Wednesday is the one day I teach in person this semester, and this past Wednesday was the first time I’d been to my office on campus since March. I was excited to discover the 2019 volume of the American Association of University Supervisors, Coordinators, and Directors of Foreign Language Programs (AAUSC) in my mailbox! The editors are Beatrice Dupuy and Kristen Michelson, and the collection is called “Pathways to Paradigm Change: Critical Examinations of Prevailing Discourse and Ideologies in Second Language Education”.
As you might imagine if you regularly read this blog, this is exactly the shift in second language education I think our field needs! I’m excited to read all of the chapters in this book, and today I’ll be highlighting my own contribution, which I’m excited to see in print.
A fun fact is that this is the 2019 volume with a 2021 publication date, which has made me confused as to how to cite it this year, but it turns out it had the right idea to skip 2020 all along!

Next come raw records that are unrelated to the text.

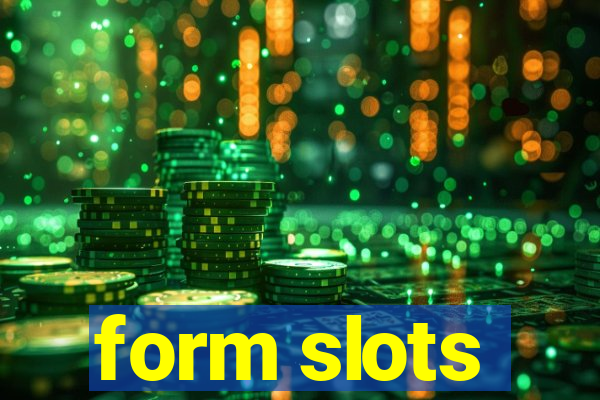 form slots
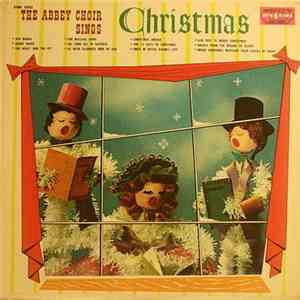 The Abbey Choir - The Abbey Choir Sings Christmas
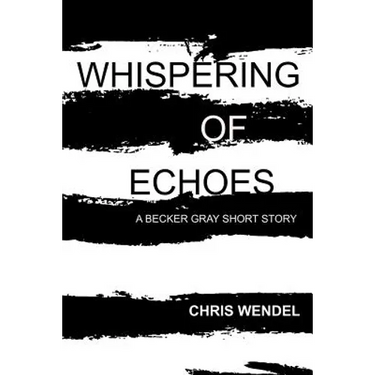 Whispering of Echoes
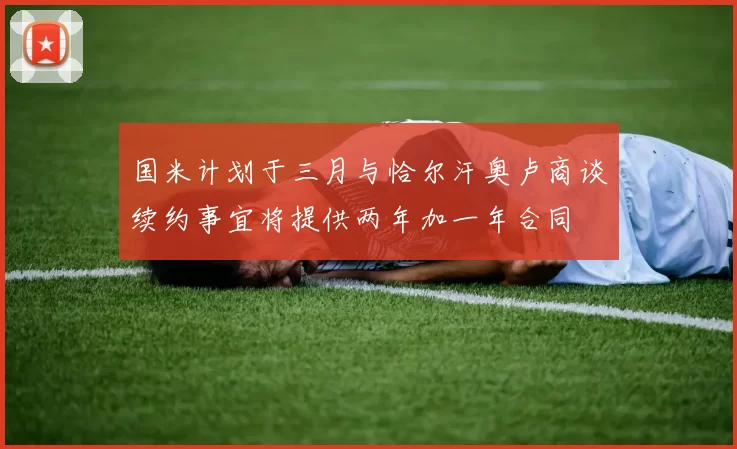 国米计划于三月与恰尔汗奥卢商谈续约事宜将提供两年加一年合同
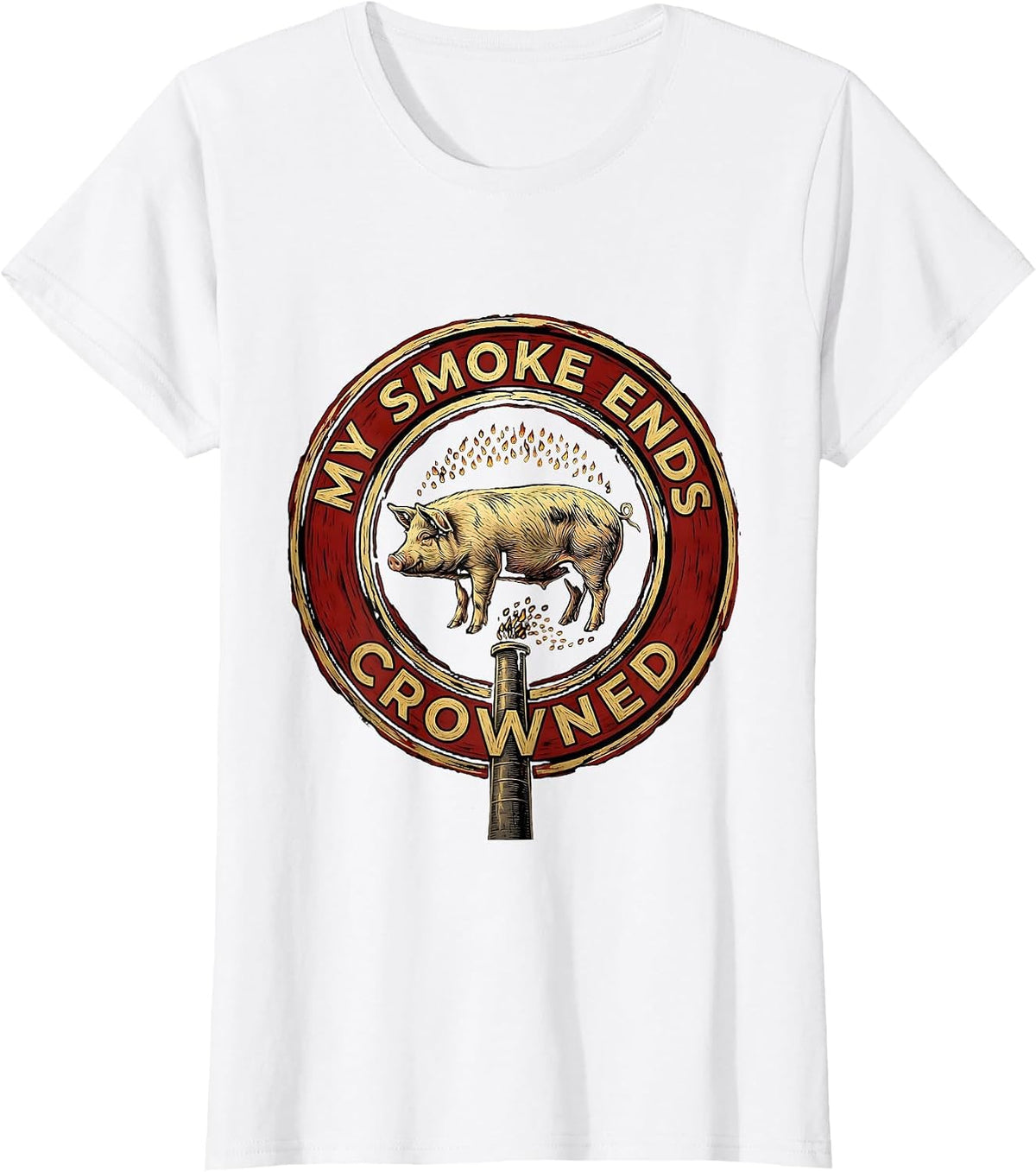 My Smoke Ends Crowned Funny BBQ Grilling Dad T-Shirt - White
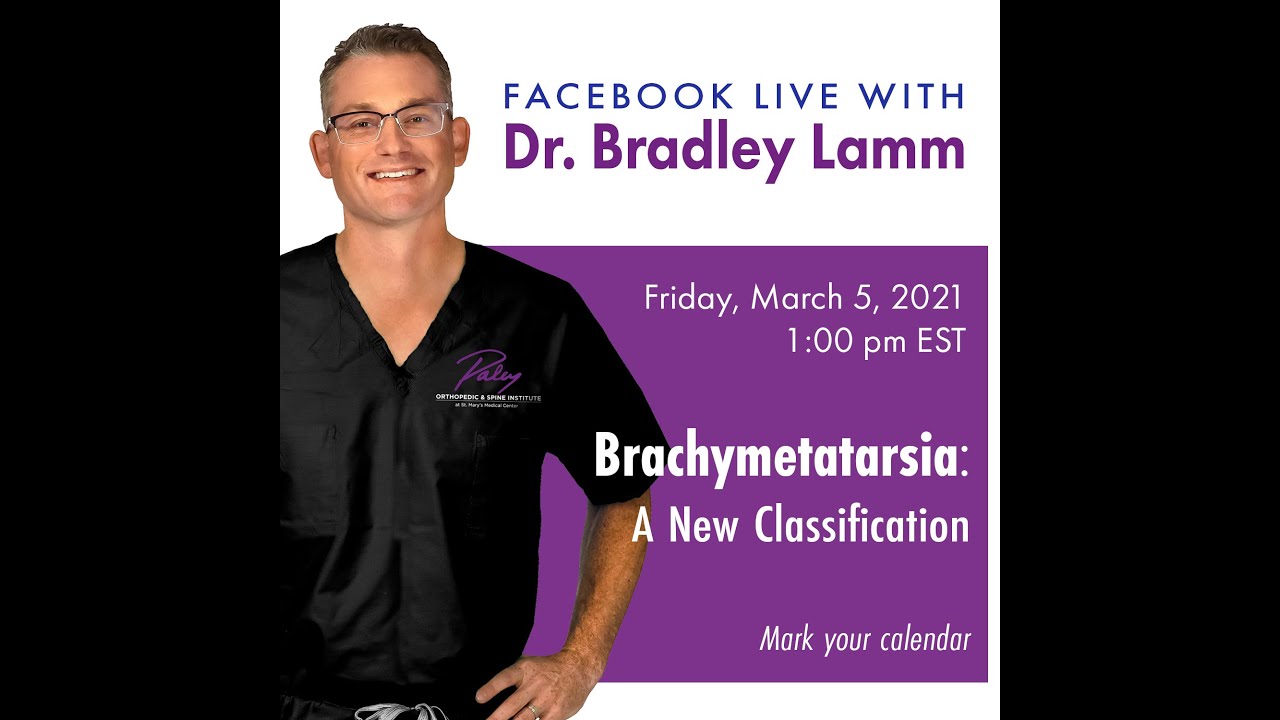 Brachymetatarsia: A new Classification | Dr. Bradley Lamm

So, how do these contrasting language ideologies impact our field? In my chapter, I show that learners’ expectations for their interactions during study abroad and virtual exchange were largely informed by monolingual language ideologies. They mapped spaces and speakers associated with Arab nations to Arabic, and expected monolingual Arabic immersion in these spaces, imagining that they would speak “only Arabic abroad” or evaluating their success in a virtual exchange by how little English they used. These included frustration with racial mappings of their language abilities, where White students felt that the expectation that they could not speak Arabic hindered their opportunities to use Arabic, and students of color sometimes felt frustrated that their national identity was questioned based on their race. Despite their frustrations with these racialized experiences, learners engaged in these same mappings themselves, expecting locals to always use Arabic (rather than their full linguistic repertoire including English) and fellow study abroad students to use English (unless in a program with a language pledge).
In short, these monolingual expectations contrasted sharply with the plurilingual realities of the study abroad and virtual exchange environments, and the actual linguistic repertoires of the learners (all of whom spoke English and had studied at least one language other than Arabic) and their interlocutors (frequently multilingual themselves). Examining what learners actually did with their linguistic repertoires abroad demonstrates that translanguaging practices were the norm and that these served a variety of functions, including using existing linguistic resources to access new ones, mapping language and social function, mapping language and topic, and establishing social connections.
Yet because these plurilingual realities were framed with expectations rooted in monolingual language ideologies, students generally interpreted their translanguaging practices from a monolingual perspective, expressing “frustration” or “regret” at their inability to remain monolingual, or feeling forced to choose between language practice and friendships. They also reproduced problematic mappings among race, nation, and language, despite their own frustration with these assumptions. Thus, this monolingual framing of plurilingual practices actually limited learners’ ability to pursue their language learning goals in plurilingual environments.